With pictures left out, output exactly the lines of the listing below from the line that has "19999A Four Piece" to the line that has "Vintage Michael Simon", both lines kept.

** Opening RECORDED INFORMATION block **

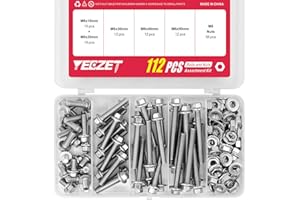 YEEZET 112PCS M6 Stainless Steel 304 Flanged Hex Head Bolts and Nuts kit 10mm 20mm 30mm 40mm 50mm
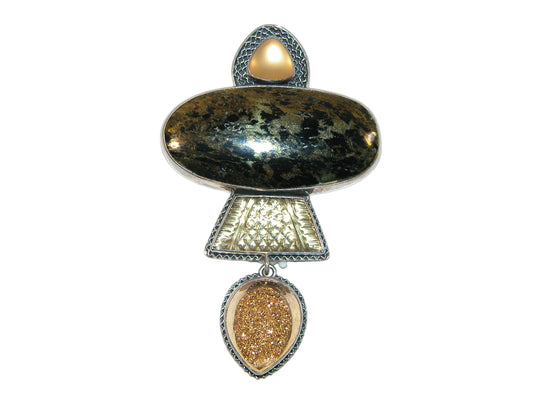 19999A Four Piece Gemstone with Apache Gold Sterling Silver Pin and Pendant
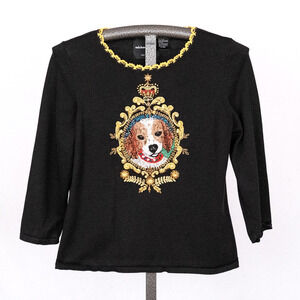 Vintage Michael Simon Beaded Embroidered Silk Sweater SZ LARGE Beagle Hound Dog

** Closing RECORDED INFORMATION block **
** Opening RECORDED INFORMATION block **

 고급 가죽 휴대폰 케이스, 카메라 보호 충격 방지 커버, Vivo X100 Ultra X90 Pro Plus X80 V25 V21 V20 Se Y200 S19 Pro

** Closing RECORDED INFORMATION block **

OUTPUT:
 19999A Four Piece Gemstone with Apache Gold Sterling Silver Pin and Pendant
 Vintage Michael Simon Beaded Embroidered Silk Sweater SZ LARGE Beagle Hound Dog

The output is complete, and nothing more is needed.